First generation sulfonylureas have less DDIs than the Second Generation sulfonylureas

A

False

One main DDI is when sulfonylureas (mostly first gen) are given with warfarin it will increase the level of free sulfonylurea in the body and lead to toxicities.

22
Q

When comparing the structure of sulfonylureas to non-sulfonylureas (Meglitinides), the sulfonylurea group was removed and replaced with a(n)____.

A. Aldehyde

B. Amide

C. Ketone

D. Guanidine

E. Carboxylic Acid

A

E. Carboxylic Acid

In the picture there is a second generation sulfonylurea (glyburide) being compared to a non-sulfonylurea (Meglitinide) and you can see that the sulfonylurea group is missing but the rest of the structure is similar (red) between the two groups.

23
Q

Which of the following medications is a non-sulfonylurea?

A. Glyburide (Micronase, Diabeta)

B. Glipizide (Glucotrol)

C. Repaglinide (Prandin)

D. Chlorpropamide (Diabinese)

E. Nateglinide (Starlix)

A

C. Repaglinide (Prandin)

E. Nateglinide (Starlix)

Don’t forget the sulfonylureas have the same MOA as sulfonylureas. Look at specific slides 36 and 37 for structures

24
Q

In comparison to Repaglinide, Nateglinide binds specifically to the SUR-1 receptors on the Beta-Cells of the Pancreas. What benefit will be seen with taking Nateglinide over Repaglinide?

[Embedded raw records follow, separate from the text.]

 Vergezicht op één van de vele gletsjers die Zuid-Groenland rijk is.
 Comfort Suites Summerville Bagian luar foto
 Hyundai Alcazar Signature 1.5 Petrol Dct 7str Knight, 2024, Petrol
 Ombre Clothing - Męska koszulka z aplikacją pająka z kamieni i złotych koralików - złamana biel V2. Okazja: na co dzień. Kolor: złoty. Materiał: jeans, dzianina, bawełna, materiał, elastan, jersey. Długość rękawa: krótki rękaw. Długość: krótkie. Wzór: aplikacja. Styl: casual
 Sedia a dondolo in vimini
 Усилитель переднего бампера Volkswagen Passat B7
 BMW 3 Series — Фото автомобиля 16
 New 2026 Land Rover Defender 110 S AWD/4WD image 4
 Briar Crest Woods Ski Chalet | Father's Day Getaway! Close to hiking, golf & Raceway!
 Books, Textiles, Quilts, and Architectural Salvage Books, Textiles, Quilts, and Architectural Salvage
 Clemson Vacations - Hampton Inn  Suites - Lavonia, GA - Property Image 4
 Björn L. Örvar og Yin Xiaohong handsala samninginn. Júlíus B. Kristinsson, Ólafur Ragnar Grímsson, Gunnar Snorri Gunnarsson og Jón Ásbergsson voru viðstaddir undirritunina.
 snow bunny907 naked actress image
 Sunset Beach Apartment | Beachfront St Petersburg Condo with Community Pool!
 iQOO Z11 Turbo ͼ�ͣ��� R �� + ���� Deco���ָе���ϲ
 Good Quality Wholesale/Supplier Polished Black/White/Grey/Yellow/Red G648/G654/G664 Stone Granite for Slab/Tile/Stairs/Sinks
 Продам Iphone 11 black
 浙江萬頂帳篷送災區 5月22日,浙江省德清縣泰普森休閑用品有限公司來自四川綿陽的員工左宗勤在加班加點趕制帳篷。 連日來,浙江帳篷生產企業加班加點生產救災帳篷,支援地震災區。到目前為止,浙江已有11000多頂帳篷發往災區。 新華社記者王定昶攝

A. Decreased effect on gut lumen

B. Decreased cardiovascular side effects

C. Decreased renal elimination

D. Decreased renal toxicity

A

B. Decreased cardiovascular effects

Remember that SUR (sulfonylurea receptors) are located in the pancreas, skeletal muscle AND cardiac muscle. So having affinity for SUR-1 receptors in the pancrease specifically will decrease chances of cardiovascular side effects when taking Nateglinide

25
Q

Metformin will ___ hepatic glucose production and ___ glucose utilization by other bodily cells such as muscle.

A. Decrease, Decrease

B. Increase, Decrease

C. Increase, Increase

D. Decrease, Increase

A

D. Decrease, Increase

26
Q

Metformin is known as a Biguanide. Judging by the name, what functional groups do you think metformin contains?

A. Two Sulfer groups

B. Two Amide groups

C. Two Guanidine groups

D. Two Urea groups

A

C. Two Guanidine groups

Bi= Two

Guanide= Guanidine

Biguanide

Also remember that metformin is VERY basic due to the large amount of nitrogen groups in the guanidine structures.

27
Q

Metformin cannot be given to renally impaired people with a CrCl less than 30. The reason why is because metformin utilizes___ transporters in the kidneys.

A. Cotransporters

B. Countertransporters

C. OCT transporters

D. SGLT-2 transporters

A

C. OCT transporters

OCT transporters are involved in tubular secretion and metformin will utilize these transporters to be eliminated by the kidneys.

28
Q

Which of the following are DDIs associated with Metformin?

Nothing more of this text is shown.